*What this task involves:* Please repeat every record exactly, leaving out any pictures.

*Data for this task:*

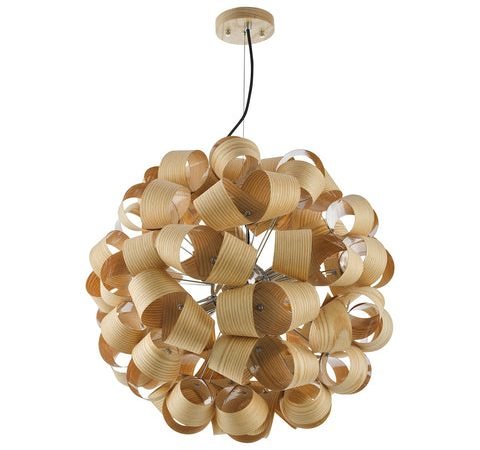 Ayna 6 Light Single Pendant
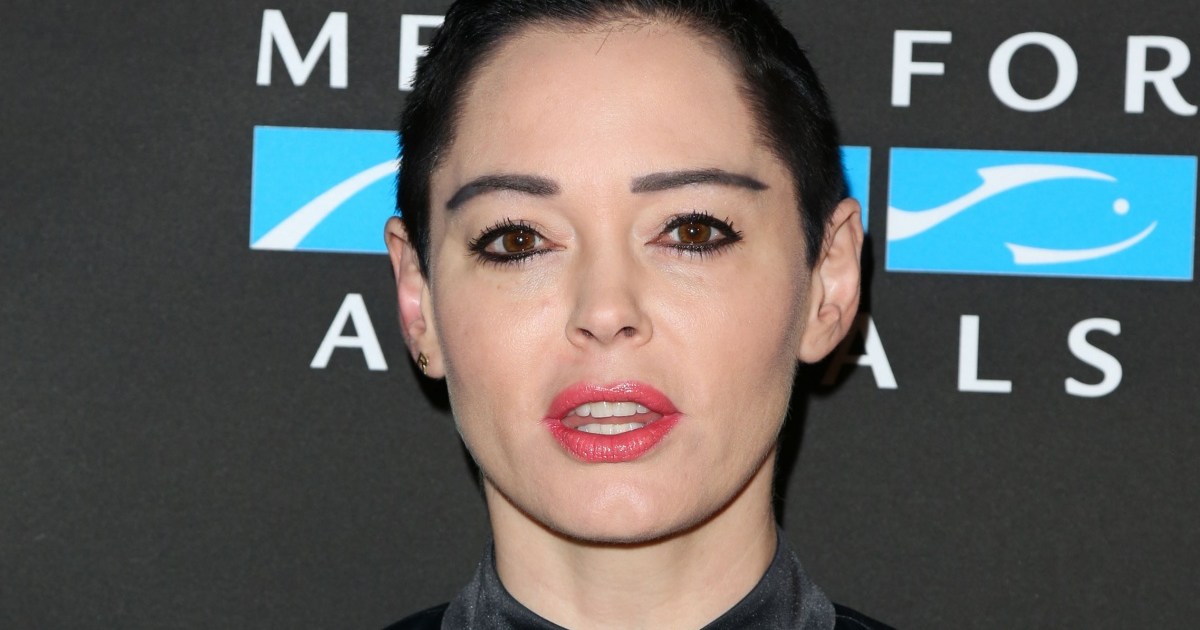 Rose McGowan arrested for possession of cocaine(01)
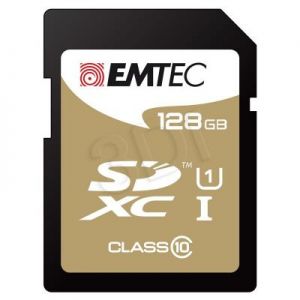 Emtec SDXC ECMSD128GXC10 128GB Class 10,UHS Class U1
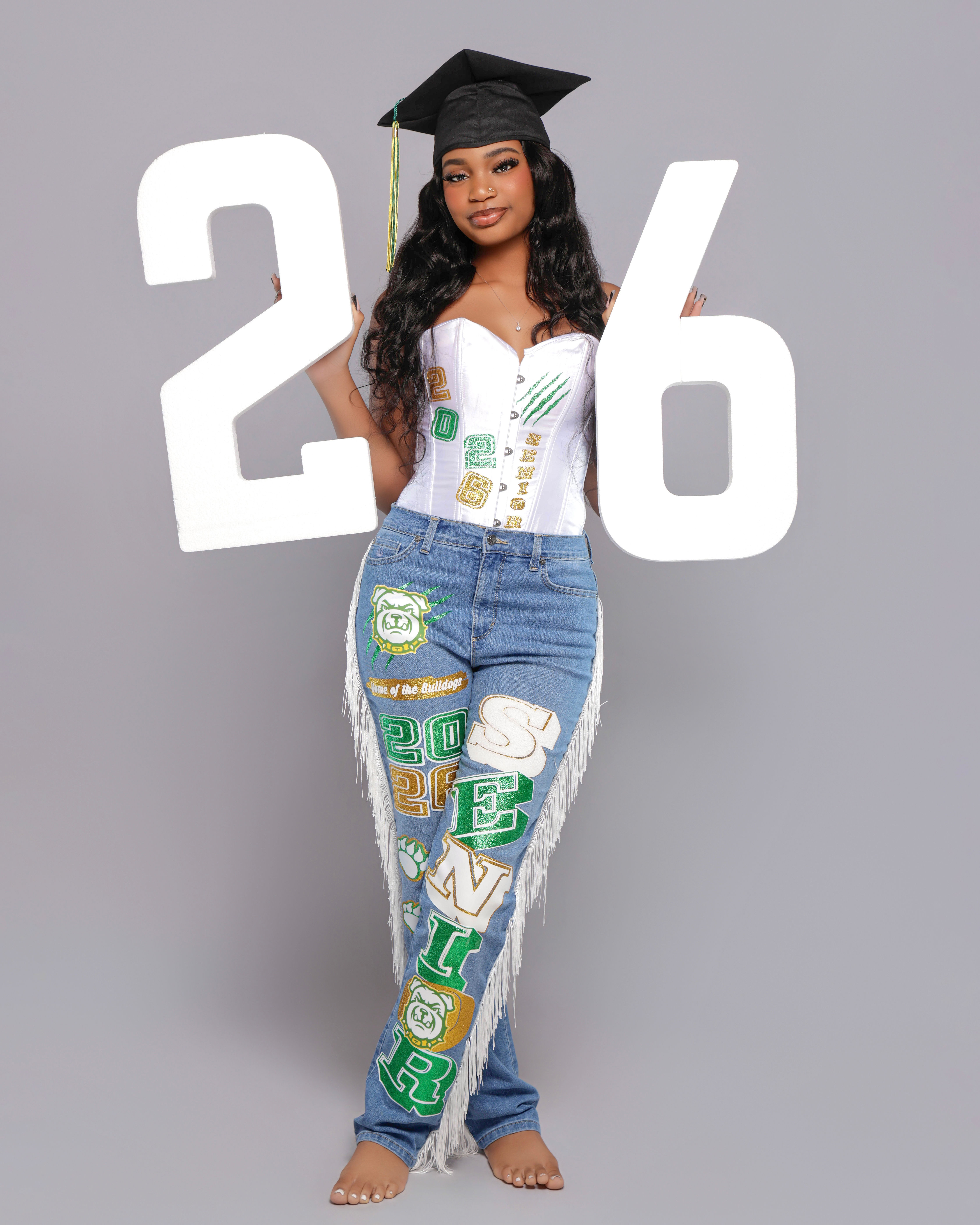 Senior Corset & Jeans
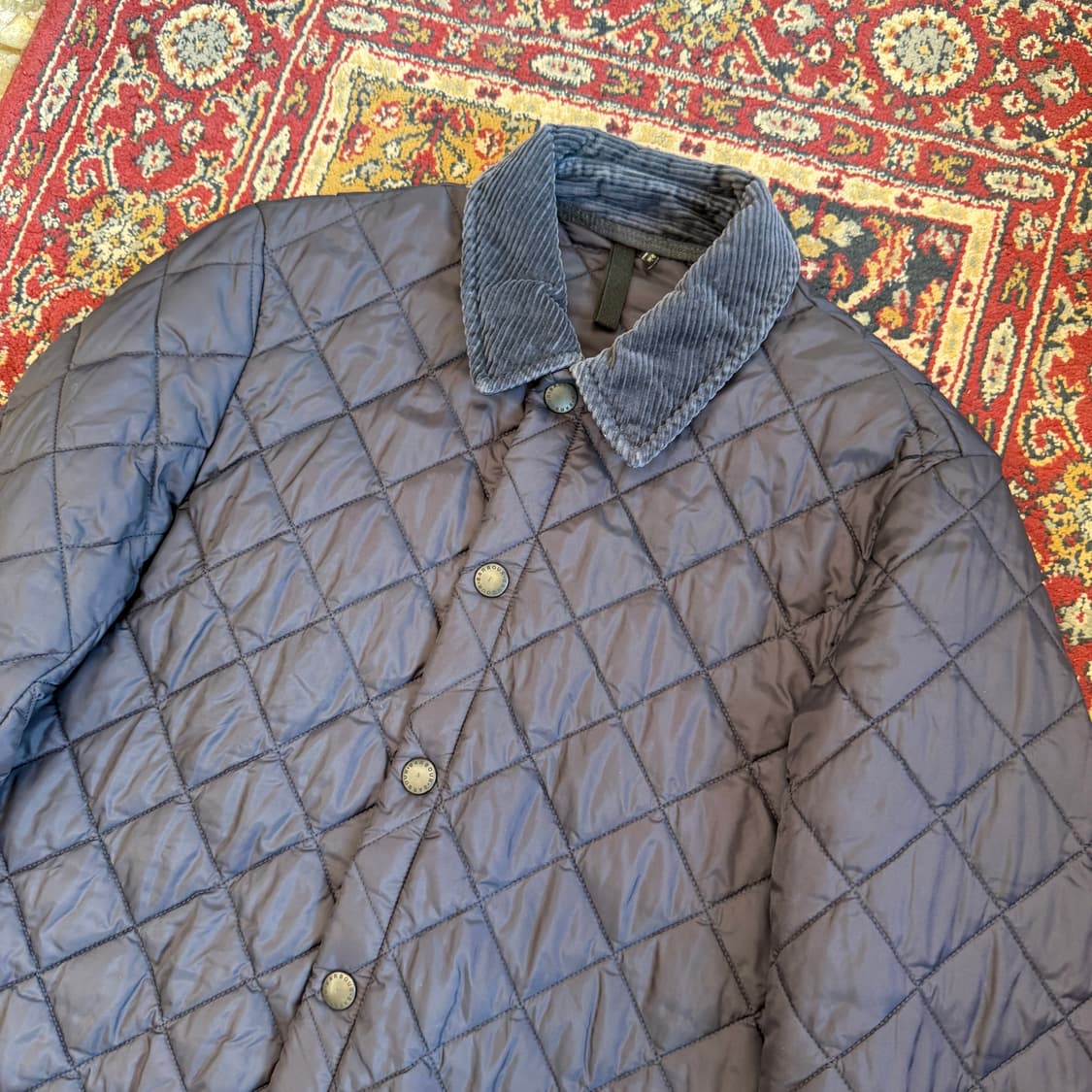 바버 퀼팅 자켓 [ 95 ] 상품이미지2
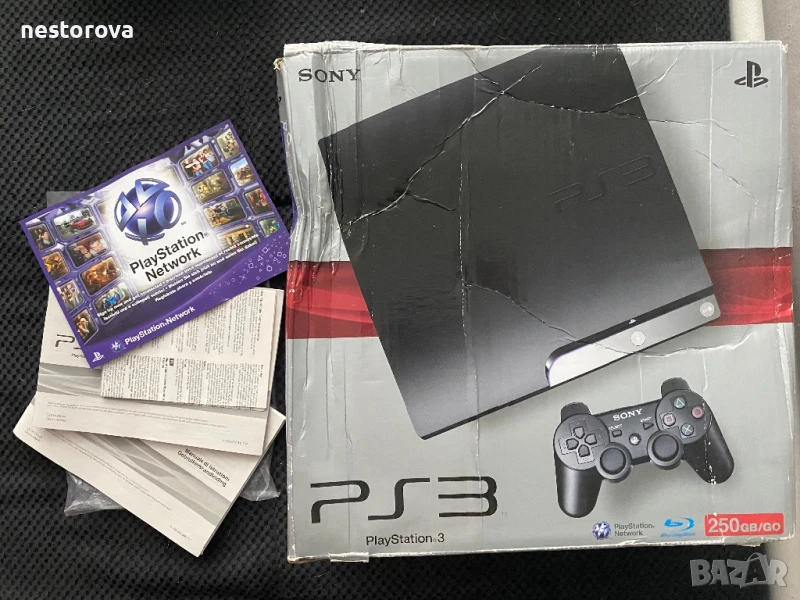 Кутия за PS3 Slim, снимка 1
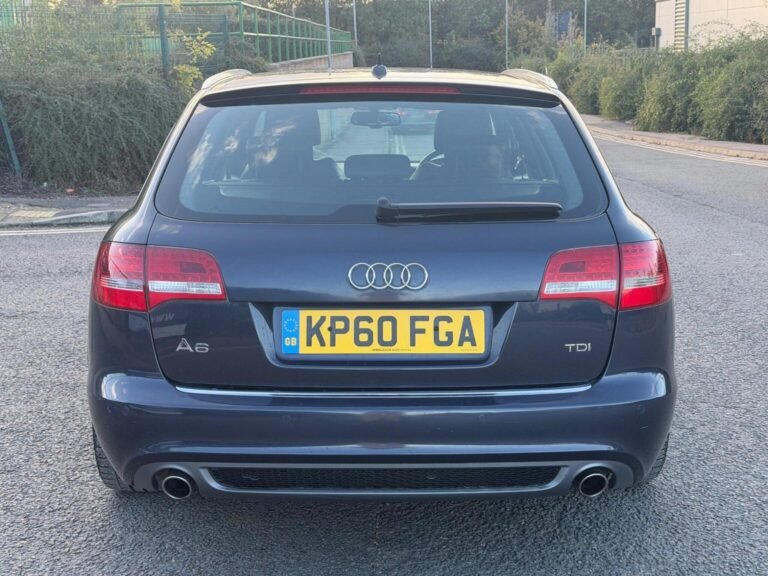 Audi A6 Avant for sale in Leighton Buzzard - 2011 Audi A6 Avant 2.7 TDI V6 S line Special Edition Multitronic 5dr at John Autos Ltd - photo 4
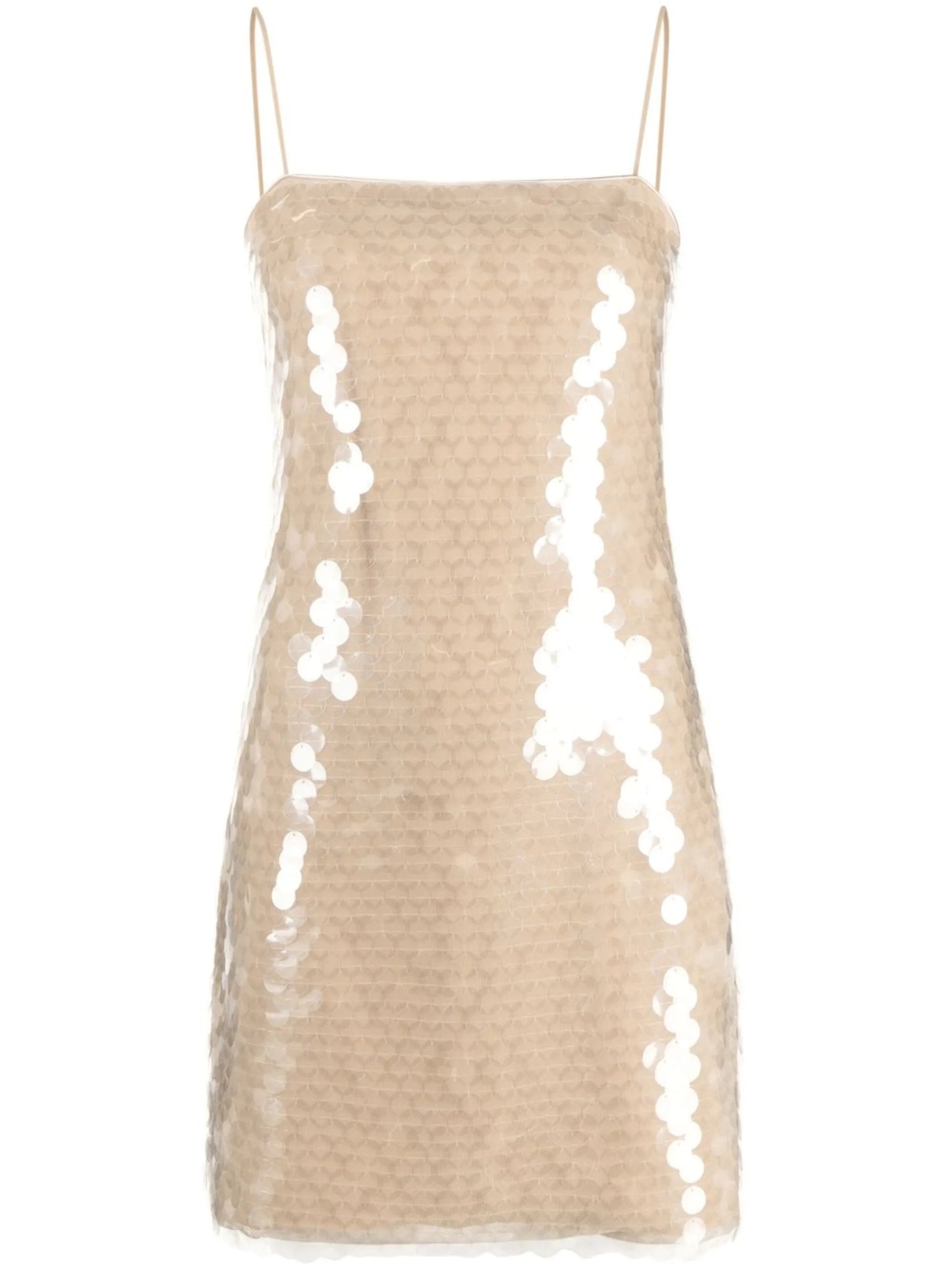 Luna sequinned mini dress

*Expected answer:*
 Ayna 6 Light Single Pendant
 Rose McGowan arrested for possession of cocaine(01)
 Emtec SDXC ECMSD128GXC10 128GB Class 10,UHS Class U1
 Senior Corset & Jeans
 바버 퀼팅 자켓 [ 95 ] 상품이미지2
 Кутия за PS3 Slim, снимка 1
 Audi A6 Avant for sale in Leighton Buzzard - 2011 Audi A6 Avant 2.7 TDI V6 S line Special Edition Multitronic 5dr at John Autos Ltd - photo 4
 Luna sequinned mini dress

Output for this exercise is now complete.